Because The Missing Link acts as a standalone chapter that takes place within Human Revolution‘s existing story, any of the choice and consequence you are offered suffers as a result. Some minor decisions early on may give you small benefits later on in the DLC, but the big choices you can make don’t make you feel much at all; you already know none of it actually changes anything in the bigger story you’ve already played and finished.
It also means that none of the weapon upgrades, credits, or Praxis kits you’ll find impact the main game, and neither does the game really explain why Jensen is suddenly without the gained resources when he arrives in the story after the DLC ends and the main game picks up. To be fair, it would’ve been really hard to explain how Jensen loses his upgrades and weapons, respecs his augmentations, gains XP, and suddenly appears after The Missing Link‘s events with the same tools and skills he had before.
With the majority of Jensen’s adventures being located in the rather large secret Belltower facility, there is some inevitable backtracking. On the upside, there are no loading screens as you go up and down the different levels of the sprawling base. On the downside, there are a couple of security scan sequences to mask the loading of different areas, and sometimes the prospect of going through yet another scan when you know you’re going to have to deal with it can elicit a few sighs and grunts.
As a standalone chapter, though, it’s a solid one. The Missing Link is just one really long side-quest, but it’s a good one even though I’ll be hard pressed to remember much of it in a few months time, or play it again any time soon. The story and characters are good enough from the spoiled perspective of a Human Revolution player, but don’t offer anything that goes beyond the main game’s quality. It does offer a good chunk of more Deus Ex: Human Revolution, with some fan service hidden in plain sight here and there, but as DLC goes it’s not as fantastic as the experience Lair of the Shadow Broker gave to fans of Mass Effect. And, you know, Shadow Broker and BioShock 2: Minerva’s Den weren’t $15.
Still, this piece of DLC offers a good amount of content for its price, about a fifth to a quarter of Deus Ex: Human Revolution‘s 20-25 hour playtime for a fourth of the (original) price. The Missing Link is a well-produced piece of DLC with a level of quality that fits right in with the main game both in terms of quality and atmosphere. It’s just more Deus Ex: Human Revolution, and there’s nothing really wrong with that since the original game was fantastic. If you want more Deus Ex, The Missing Link delivers in spades but won’t blow you away.

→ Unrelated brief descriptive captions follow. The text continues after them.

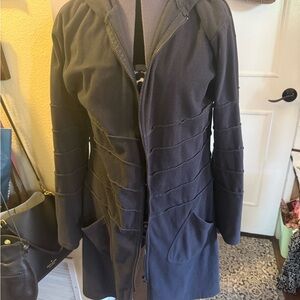 Elegant Black Fleece Zippered Coat with Triangular Hood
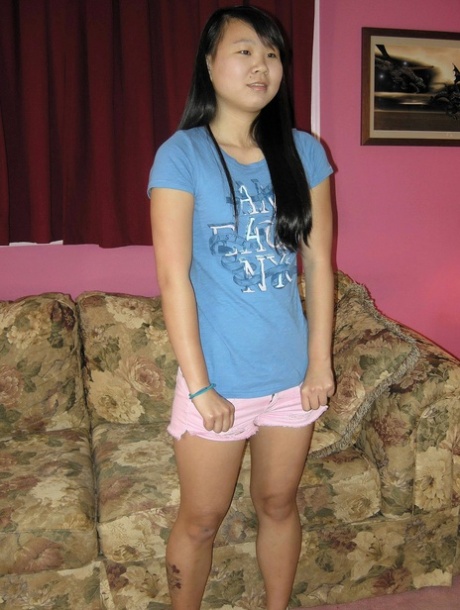 adolescente chino desnudo exclusivo galerías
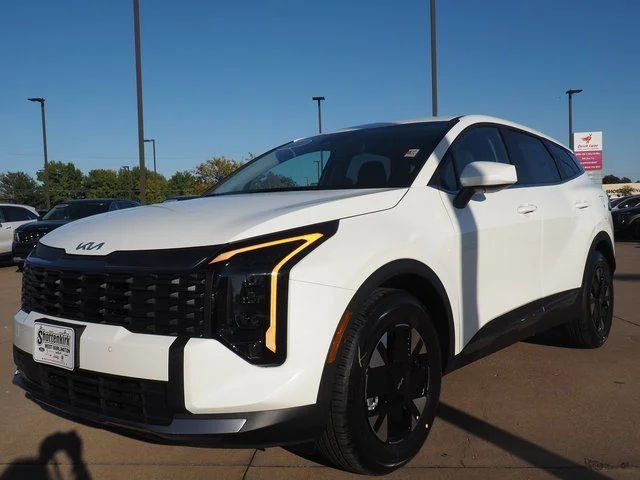2026 Kia Sportage LX Hybrid - Photo 16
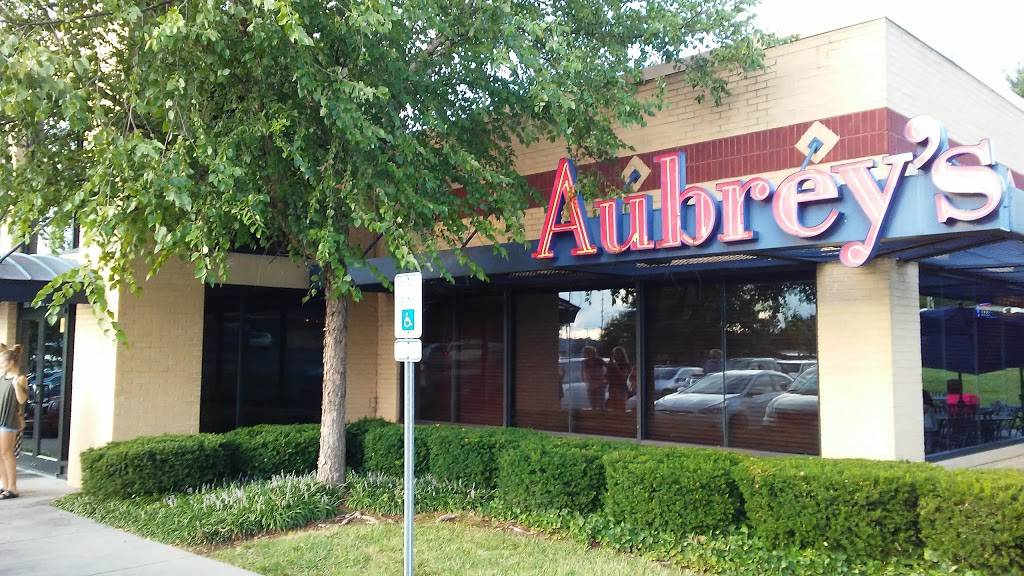 Aubreys | restaurant | 909 W Lamar Alexander Pkwy, Maryville, TN 37801, USA | 8653798800 OR +1 865-379-8800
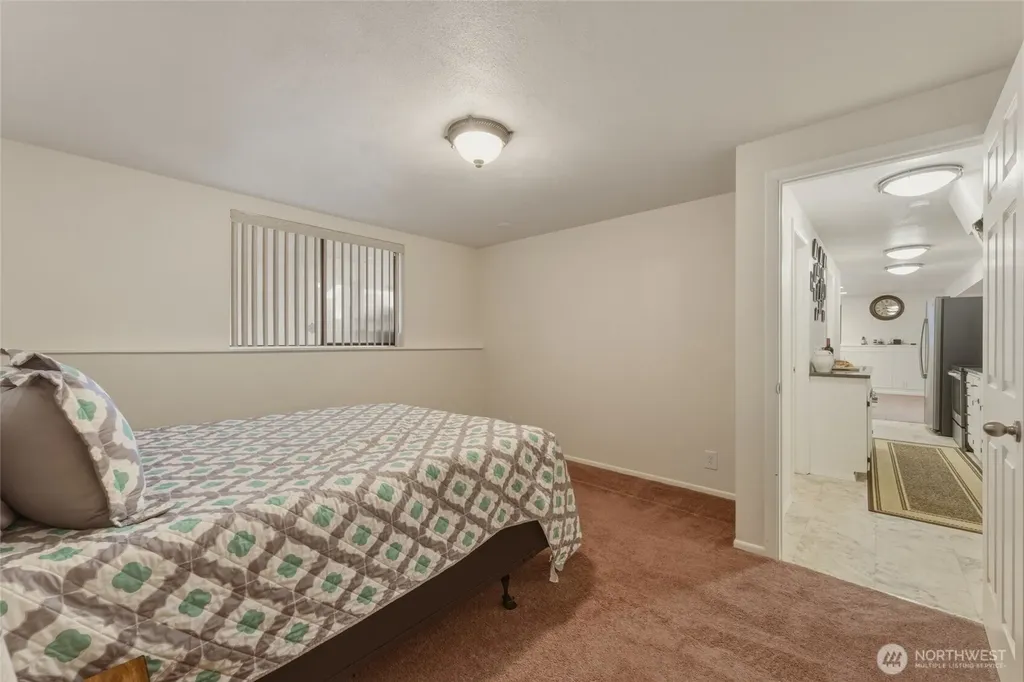 1140 SE Colonial Drive College Place WA 99324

Yet it doesn’t give you any truly orgasmic story or gameplay experiences; it’s just more of the same quality game you already played. For more of the same, whether it’s a really long extra chapter or not, $15 is a bit on the high side if you ask me, and well above the instant-buy threshold I maintain for myself. Whether or not the extra $5 is going to kill you or not, as a fan you’re still going to enjoy what The Missing Link gives you. How could you not? It’s more Deus Ex!